- Boldumsaz Location in Turkmenistan
- Coordinates: 42°08′N 59°40′E﻿ / ﻿42.133°N 59.667°E
- Country: Turkmenistan
- Province: Daşoguz Province
- District: Boldumsaz District
- Postal code: 745190

= Boldumsaz =

Boldumsaz, formerly Kalinin and Voro’silovabad, is a city and capital of Boldumsaz District in the Daşoguz Province of Turkmenistan.

== Etymology ==
Scholars hold the name of the place to mean "Fortress in a Marshy Place"; a fortress, atop a square plateau, is visible from afar.
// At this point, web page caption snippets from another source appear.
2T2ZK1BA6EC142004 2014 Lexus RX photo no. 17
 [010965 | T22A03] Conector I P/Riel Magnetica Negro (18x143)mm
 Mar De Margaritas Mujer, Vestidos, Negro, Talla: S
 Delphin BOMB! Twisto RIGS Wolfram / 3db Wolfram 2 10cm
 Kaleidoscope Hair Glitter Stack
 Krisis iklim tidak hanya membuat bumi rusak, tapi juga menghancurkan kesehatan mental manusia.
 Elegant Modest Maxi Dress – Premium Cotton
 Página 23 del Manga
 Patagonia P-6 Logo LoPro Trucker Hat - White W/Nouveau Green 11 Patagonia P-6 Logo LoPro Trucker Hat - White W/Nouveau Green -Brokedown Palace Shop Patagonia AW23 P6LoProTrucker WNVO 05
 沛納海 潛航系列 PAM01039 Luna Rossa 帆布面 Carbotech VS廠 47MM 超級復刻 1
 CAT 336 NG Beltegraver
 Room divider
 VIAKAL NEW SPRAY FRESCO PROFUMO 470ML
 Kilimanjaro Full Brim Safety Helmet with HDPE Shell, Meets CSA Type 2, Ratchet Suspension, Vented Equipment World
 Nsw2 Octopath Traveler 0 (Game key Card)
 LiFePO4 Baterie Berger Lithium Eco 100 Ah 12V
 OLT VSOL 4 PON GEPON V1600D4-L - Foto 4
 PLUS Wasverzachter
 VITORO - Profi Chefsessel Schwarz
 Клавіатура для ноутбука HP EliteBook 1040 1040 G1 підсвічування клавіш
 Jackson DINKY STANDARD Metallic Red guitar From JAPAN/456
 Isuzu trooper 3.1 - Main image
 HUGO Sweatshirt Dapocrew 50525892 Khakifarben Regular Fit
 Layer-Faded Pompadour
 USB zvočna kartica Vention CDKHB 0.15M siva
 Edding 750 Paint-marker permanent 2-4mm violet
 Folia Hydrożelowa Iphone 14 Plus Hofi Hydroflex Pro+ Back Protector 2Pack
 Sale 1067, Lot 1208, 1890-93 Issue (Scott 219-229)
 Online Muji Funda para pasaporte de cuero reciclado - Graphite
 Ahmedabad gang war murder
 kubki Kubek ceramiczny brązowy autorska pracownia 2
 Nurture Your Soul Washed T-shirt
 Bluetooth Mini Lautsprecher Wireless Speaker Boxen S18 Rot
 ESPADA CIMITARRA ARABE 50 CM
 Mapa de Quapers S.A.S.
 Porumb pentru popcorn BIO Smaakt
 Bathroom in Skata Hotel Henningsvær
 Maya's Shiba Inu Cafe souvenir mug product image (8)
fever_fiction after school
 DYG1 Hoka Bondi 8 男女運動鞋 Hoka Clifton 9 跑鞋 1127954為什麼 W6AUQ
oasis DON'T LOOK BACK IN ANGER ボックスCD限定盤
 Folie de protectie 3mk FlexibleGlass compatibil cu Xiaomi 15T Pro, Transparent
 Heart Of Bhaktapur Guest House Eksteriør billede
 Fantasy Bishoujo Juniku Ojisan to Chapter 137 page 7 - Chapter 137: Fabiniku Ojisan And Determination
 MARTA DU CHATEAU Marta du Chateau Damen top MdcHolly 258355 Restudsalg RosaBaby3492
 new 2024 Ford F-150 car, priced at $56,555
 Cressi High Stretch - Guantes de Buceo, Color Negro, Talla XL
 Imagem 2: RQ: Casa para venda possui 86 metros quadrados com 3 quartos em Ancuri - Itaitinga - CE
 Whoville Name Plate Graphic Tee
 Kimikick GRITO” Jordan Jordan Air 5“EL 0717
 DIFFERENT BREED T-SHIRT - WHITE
Local people argue a different etymology infusing folk-lore. The local Khan commissioned an architect to build the tallest minaret of the world at some place nearby but planned to execute him post-completion, lest he would replicate the designs elsewhere. The architect got to know of this plan, used his resources to construct wings, and flew away from the minaret. Landing at the fortress, he exclaimed the Turkmen equivalent of "Safe and Sound", which changed to the current name of the city with passage of time.

== History ==
The city has been identified with the medieval town of Nyzvar, which was sacked by Mongols; however, this identification has been contested. During the Soviet period it was called Kalinin, in honor of Mikhail Kalinin. It was renamed briefly Voro’shilovabad after Kliment Voroshilov. On 5 May 1993, Presidential Decree No. 1327 assigned the present name.